ECLI:NL:RVS:2013:BZ1327
Raad van State
- Hoger beroep
- H.G. Lubberdink
- C.J. Borman
- N. Verheij
- A.M. den Dulk
- H.H.C. Visser
- Rechtspraak.nl
Hoger beroep tegen niet-ontvankelijk verklaring van de rechtbank in vreemdelingenzaak
In deze zaak gaat het om een hoger beroep van een vreemdeling die in eerste instantie door de rechtbank 's-Gravenhage niet-ontvankelijk is verklaard in zijn beroep tegen een besluit van de minister voor Immigratie, Integratie en Asiel. Dit besluit, genomen op 16 september 2012, verplichtte de vreemdeling om de Europese Unie onmiddellijk te verlaten en bevatte een inreisverbod. De vreemdeling stelde dat hij zijn beroepschrift tijdig, op 12 oktober 2012, ter post had bezorgd, maar dat de enveloppe met het poststempel niet meer in het dossier aanwezig was. De rechtbank oordeelde dat de termijn voor het indienen van het beroepschrift was overschreden en verklaarde het beroep niet-ontvankelijk.
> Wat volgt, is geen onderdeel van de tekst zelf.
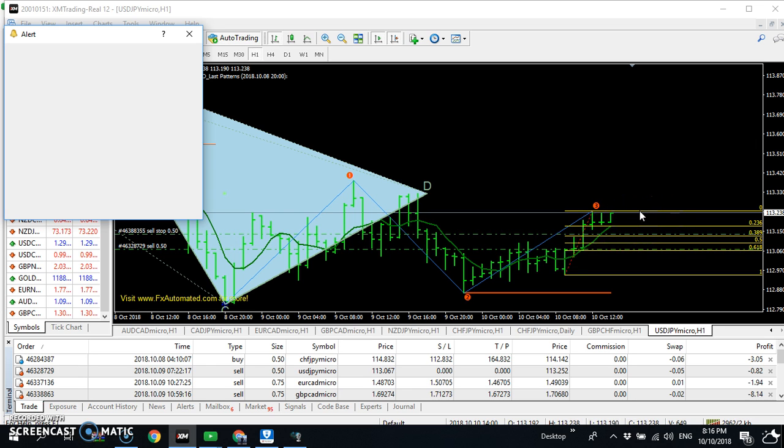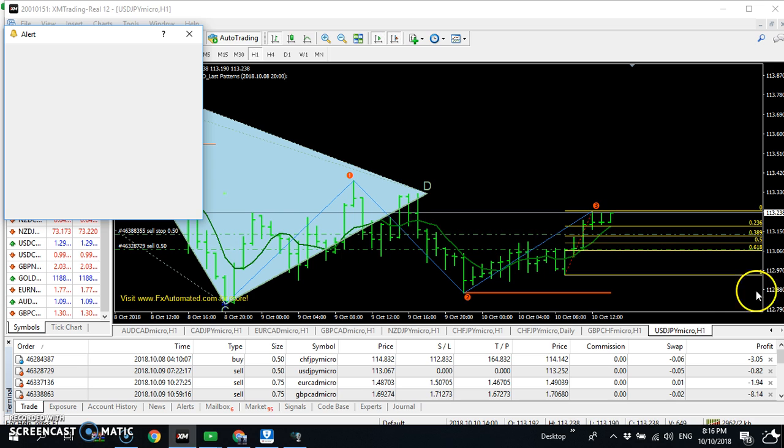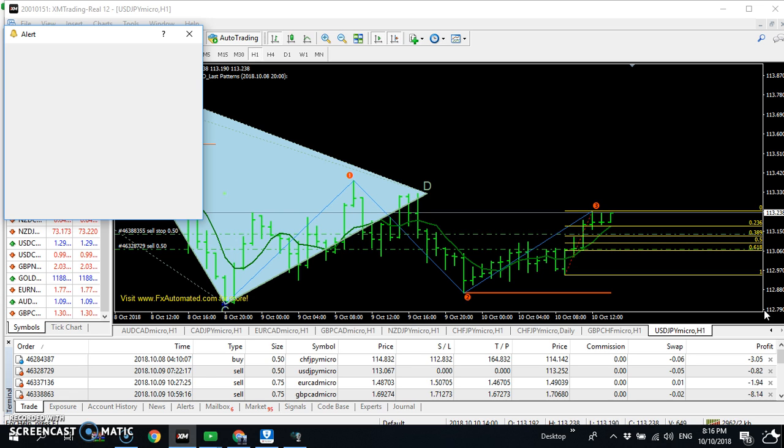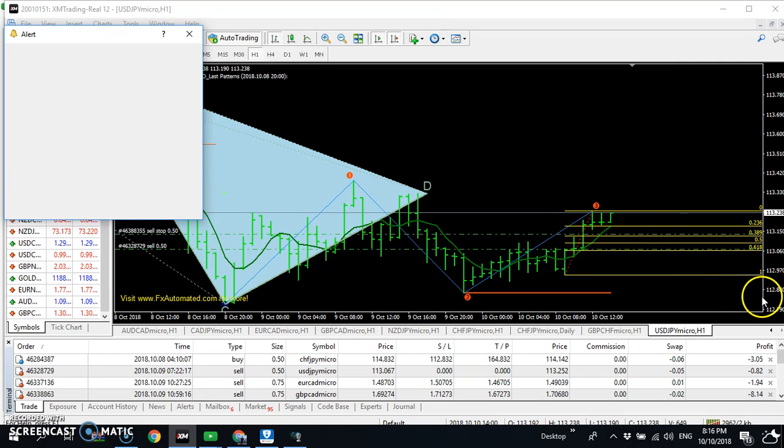We expect to come down here to 112.880. We'll probably break it to, let's say, we break this 112.790. Yes, we're going to break it. So the TP is going to be like 112.880 or 112.790.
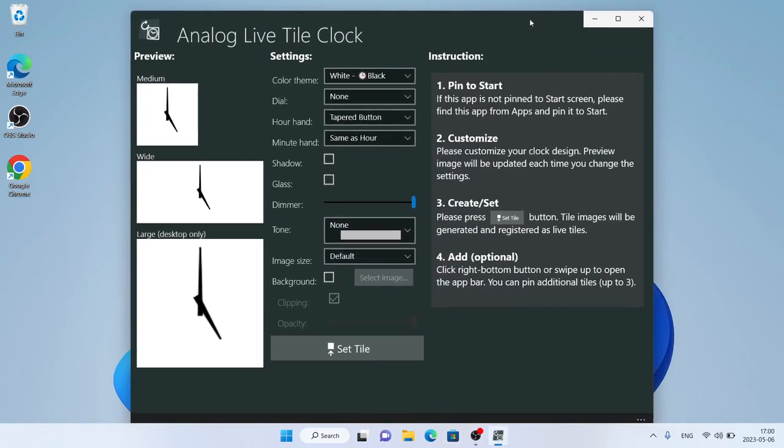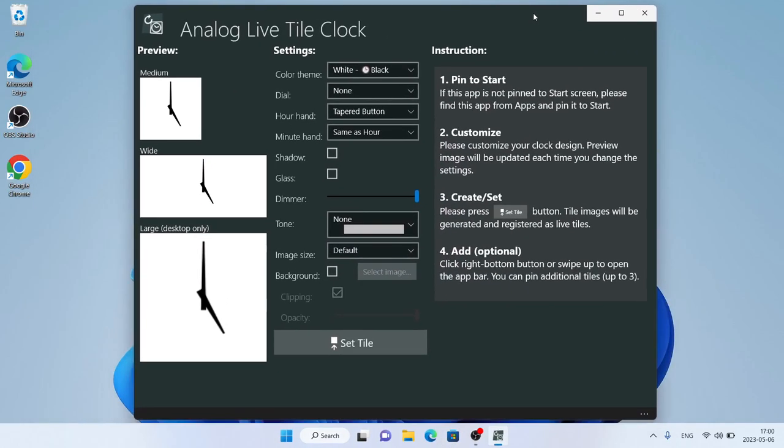So this is how to download and install Analog Live Tile Clock for Windows. Thanks for watching.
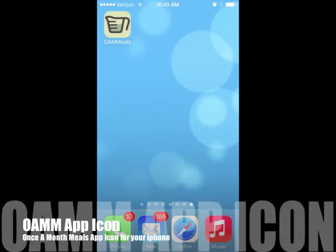So many people have asked us if we have an iTunes app, and the answer is no, because our site is responsive, meaning you can access it from your mobile device without any problems. Let's talk today about how to make it easy to access from your phone.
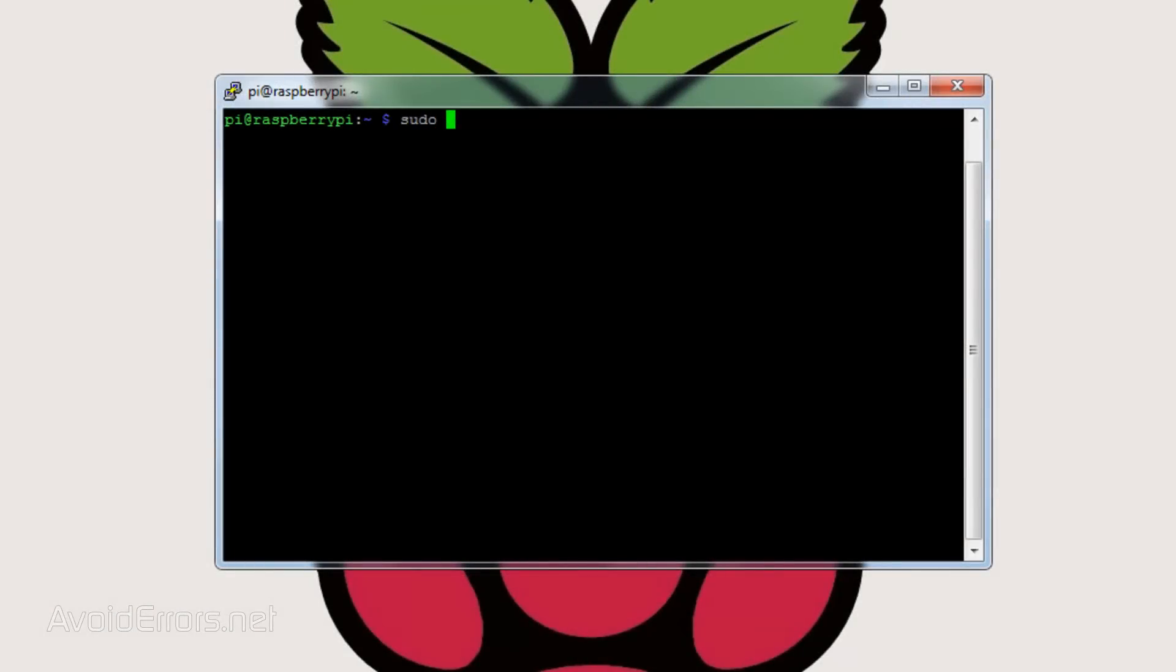Once you have written this information down, go back to the terminal or SSH and enter the following: sudo space nano space forward slash var forward slash www forward slash owncloud forward slash config forward slash config.php.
De Raad van State heeft de zaak opnieuw bekeken en vastgesteld dat de termijn voor het indienen van het beroepschrift op zondag 14 oktober 2012 eindigde, en dat deze termijn op basis van de Algemene termijnenwet verlengd werd tot maandag 15 oktober 2012. De Raad concludeerde dat het beroepschrift op 17 oktober 2012 door de rechtbank was ontvangen, maar dat de enveloppe met het poststempel, die de tijdige verzending zou kunnen bevestigen, verloren was gegaan. De Raad oordeelde dat, gezien de omstandigheden, de vreemdeling aannemelijk had gemaakt dat hij het beroepschrift tijdig ter post had bezorgd.
Daarom verklaarde de Raad het hoger beroep gegrond, vernietigde de uitspraak van de rechtbank en verwees de zaak terug naar de rechtbank voor verdere behandeling. Tevens werden de proceskosten in hoger beroep vastgesteld op € 472,00, met de instructie dat de rechtbank hierover beslist. De uitspraak werd gedaan in naam der Koningin en is openbaar uitgesproken op 8 februari 2013.